Предлагаю покрасить фон хотя бы на одной из посвященных ей в альбоме страниц голубым цветом; любой человек, изображавший небо над Неаполем, хорошо знаком с этим цветом, А если читатель теперь «уж вовсе не знает, что и подумать» о моей теще, значит я достиг цели; пусть каждый хватает цветные карандаши, коробку с акварелью или палитру и красит мою тещу в тот цвет, который символизирует для него «нечто подозрительное» или даже «скандальное». Лично я рекомендую пастельный красный с фиолетовым отливом. Не стану распространяться больше о моей теще; она мне так дорога, что я не хочу бросать на нее чересчур яркий свет; основные черты ее облика я сохраню в своей личной камере-обскуре – памяти. Зато с удовольствием сообщу ее внешние приметы: теща – женщина маленького роста, была когда-то хрупкой, «но основательно раздалась в ширину», до сих пор поглощает кофе в неимоверных количествах; в преклонных годах, семидесяти двух лет, пристрастилась к курению. Со своими внуками обращается прямо-таки «непозволительным образом»: детей моего погибшего шурина Антона, который был безбожником и «явно левым», двух молоденьких девиц восемнадцати лет и двадцати одного года, она загоняет на кухню, сует им в руки четки и молится с ними; детям моего второго, здравствующего и поныне шурина Иоганна, которые воспитываются в ортодоксально-церковном духе, десятилетнему мальчугану и двенадцатилетней девчушке, она, напротив, «прививает упрямство и строптивость» (слова, взятые в кавычки, являются цитатами из ее речей),
Для тещи я по-прежнему «славный мальчик, с которым моя Гильда была так счастлива, а с моим Ангелом он много месяцев (на самом деле всего четырнадцать дней) чистил нужники» (во имя исторической правды я снова вынужден употребить сие грубое слово). Оба эти обстоятельства она не забыла, равно как и тот факт, что я снабжал ее кофе «и в военные и в мирные годы». Другие мои заслуги, чисто практические, она всегда перечисляет под конец, что, пожалуй, говорит в ее пользу. А в общем и целом старуха считает меня «наивным дурачком», хотя бы по той причине, что «он, как идиот, разрешил в себя стрелять настоящими пулями и даже допустил, чтобы в него попали».
Здесь она не признает никаких резонов. Теща уверяет, что, ежели «человек интеллигентный не имел ничего общего с тем делом ни фактически, ни формально (под «тем делом» она в данном случае подразумевает нацистский режим), он должен был как-то ловчить». Наверное, она права; когда я начинаю с ней спорить и напоминаю, как погиб Ангел, теща говорит: «Ты прекрасно знаешь, что Ангел был не слишком интеллигентный, а может, наоборот, слишком интеллигентный»; и тут она права. Сам не пойму, как я разрешил в себя стрелять настоящими пулями и даже допустил, чтобы в меня попали. Ведь я был освобожден от стрельбы; почему же я находился там, где стреляли, сам не сделав ни одного выстрела? В моем сознании и на моей совести это темное пятно. Наверное, мне просто надоел Шопен, а может, я устал от Запада и стремился душою на Восток; не знаю точно, что со мной было, не знаю, что заставило меня пренебречь медицинской справкой, выданной главным офтальмологом армейской группы «Запад». Гильдегард писала тогда, что она меня понимает, но сам я себя не понимал… Теща вполне права, характеризуя мою тогдашнюю позицию словами «вел себя, как идиот». Все это так запутано и темно, что разрешаю каждому, кто пожелает, обмакнув кусок ваты в черную тушь, посадить здоровую кляксу в том месте альбома «Раскрась сам», где должно обретаться мое сознание.
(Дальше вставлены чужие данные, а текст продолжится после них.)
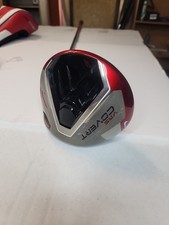 Nike VRS Covert 2.0 Red Golf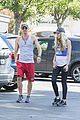 chad michael murray bares his muscles in a tank top 03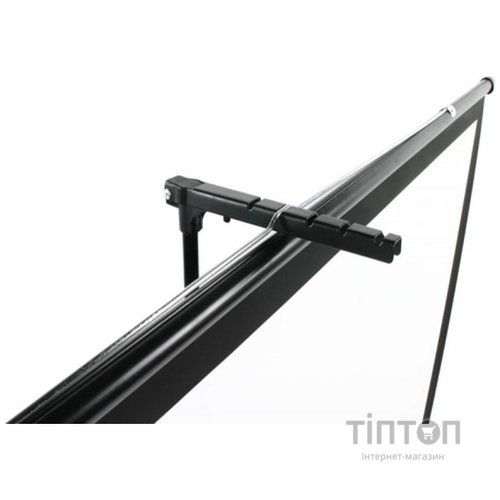 Проекційний екран Elite Screens T100UWV1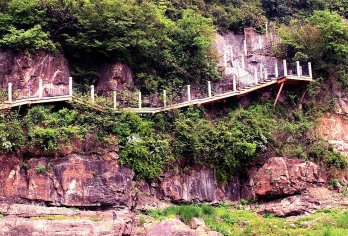 马鞍山包车地陪导游翻译地接陪同接送旅游展会商务考察陪诊【马鞍山包车地陪导游翻译地接陪同接送旅游展会商务考察陪诊】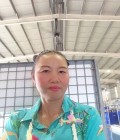 Sawitree 49 ans Nakhon Thaïlande
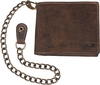 Held 4457,  purse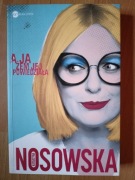Katarzyna Nosowska - A ja żem jej powiedziała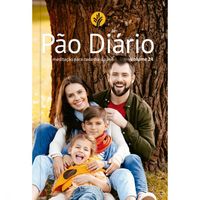 Pao-Diario-Volume-24-Edicao-2021-Capa-Familia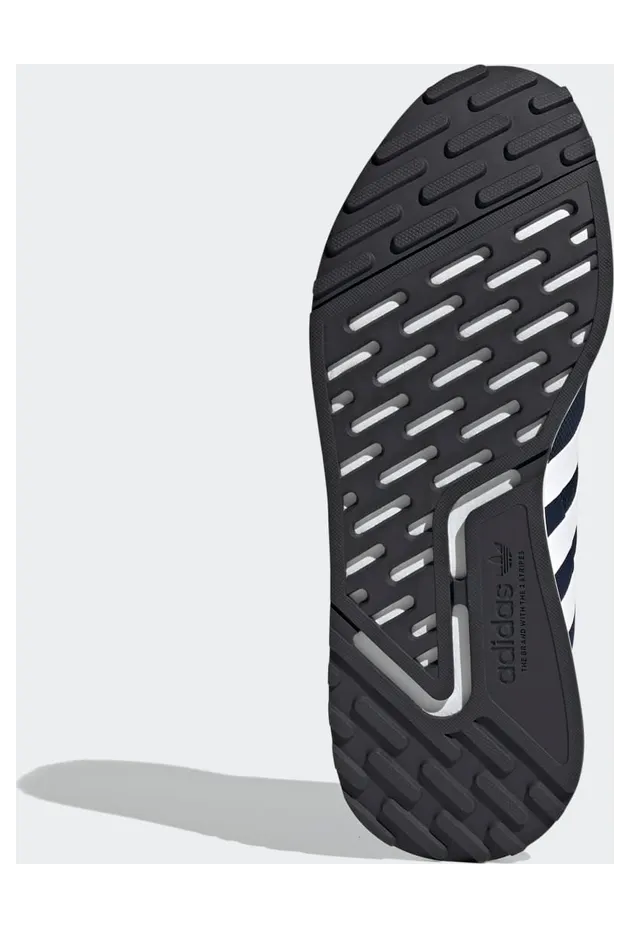 adidas-multix FX5117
Как бы то ни было я с самого начала распрощался с мыслью о дезертирстве: у меня не было желания менять мою тогдашнюю тюрьму на какую-либо другую.
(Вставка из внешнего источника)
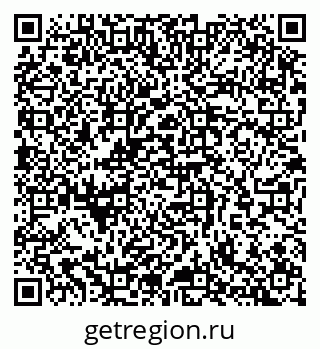 79065264467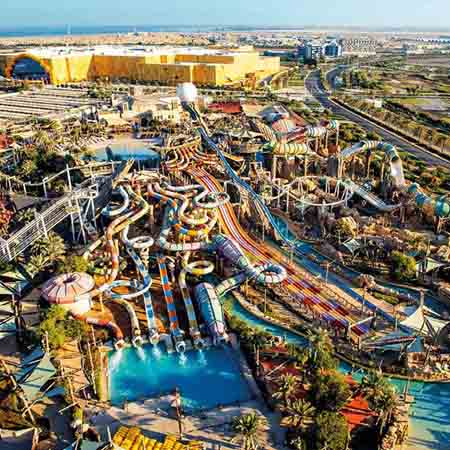 Al Hadeel - amenities (1)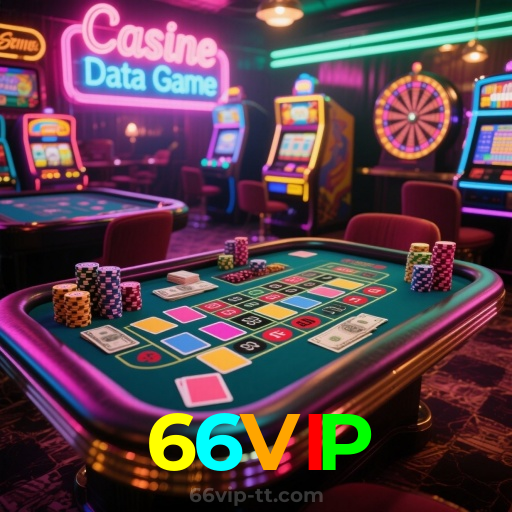 66VIP:Aposte na roleta e conquiste prêmios incríveis em nosso cassino!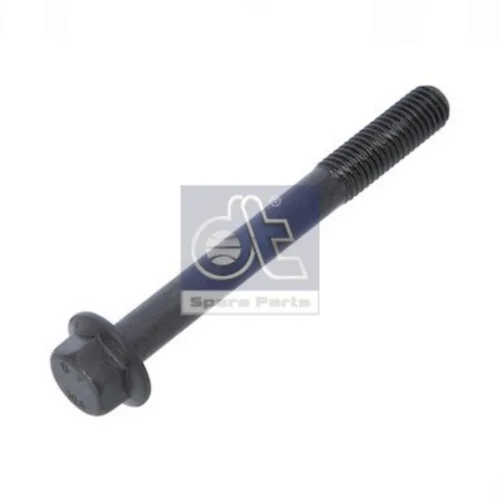 Egzoz Manifold Cıvatası Scania, Volvo M10x90mm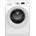 Whirlpool FFL 7259 W EE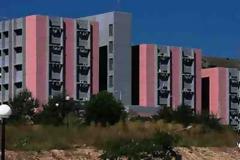 Δείτε πόσοι είναι οι «αιώνιοι» φοιτητές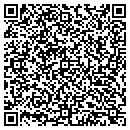 QR code with Custom Flare Tailoring & College contacts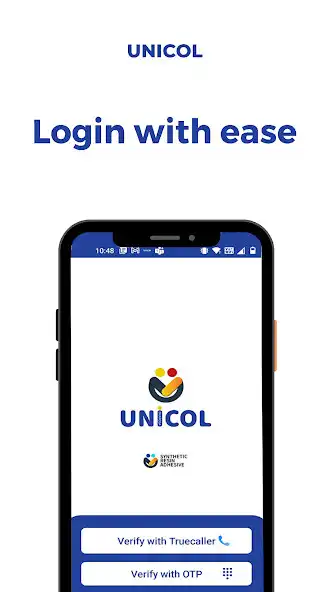 Play UNICOL BHAROSA  and enjoy UNICOL BHAROSA with UptoPlay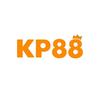 KP88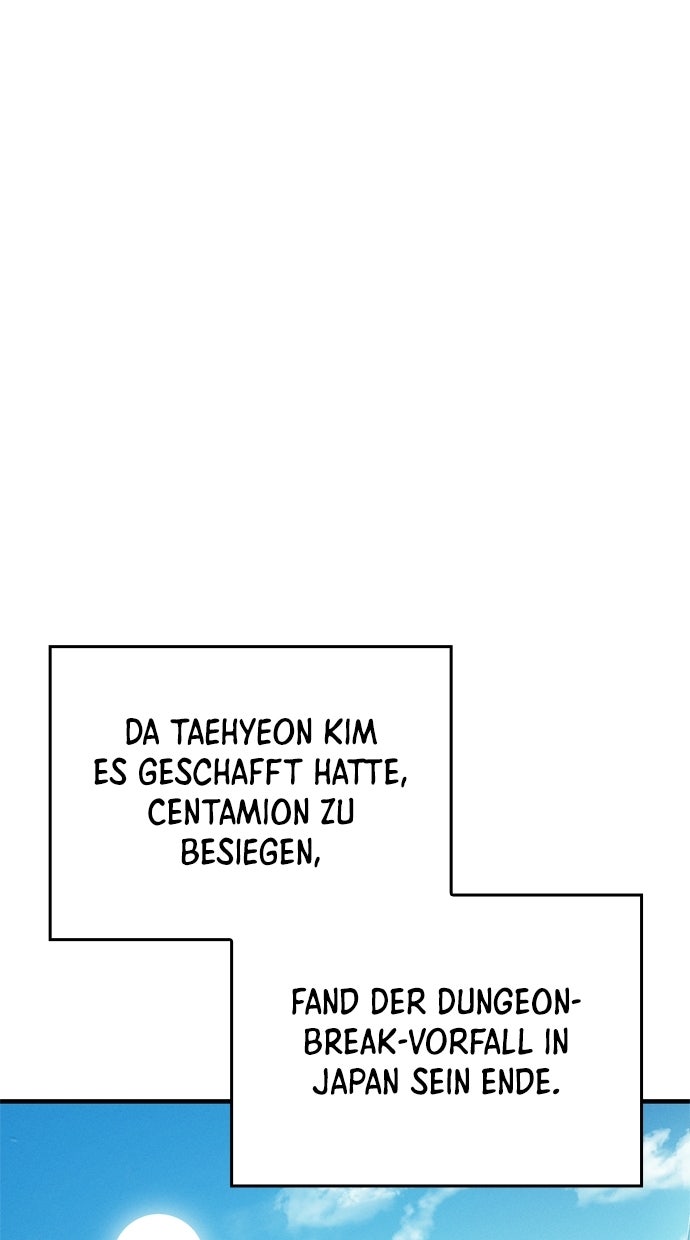 Read Returned by the King Manga Online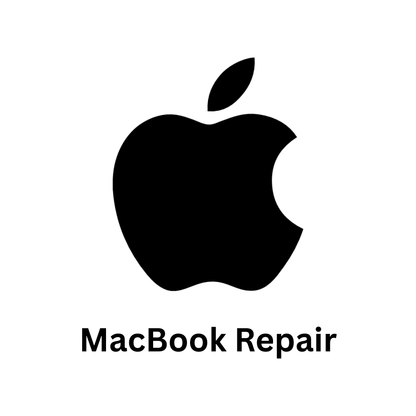 MacBook repair service and price list in Singapore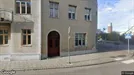 Lägenhet att hyra, Höganäs, &lt;span class=&quot;blurred street&quot; onclick=&quot;ProcessAdRequest(3197379)&quot;&gt;&lt;span class=&quot;hint&quot;&gt;Se gatunamn&lt;/span&gt;[xxxxxxxxxx]&lt;/span&gt;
– Ну, а что играют на рояле русские? – спросила меня теща, когда я приехал на побывку.
Не покривив душою, я сказал, что всего три раза слышал игру русских на рояле и что каждый раз это был Бетховен.
– Хорошо, – сказала она, – очень хорошо.
Здесь, в самой середине нашей идиллии, мне хочется, хоть и с некоторым опозданием, выполнить свой долг; на одной или двух страницах воздвигнуть часовню, чтобы увековечить память погибших героев этой повести.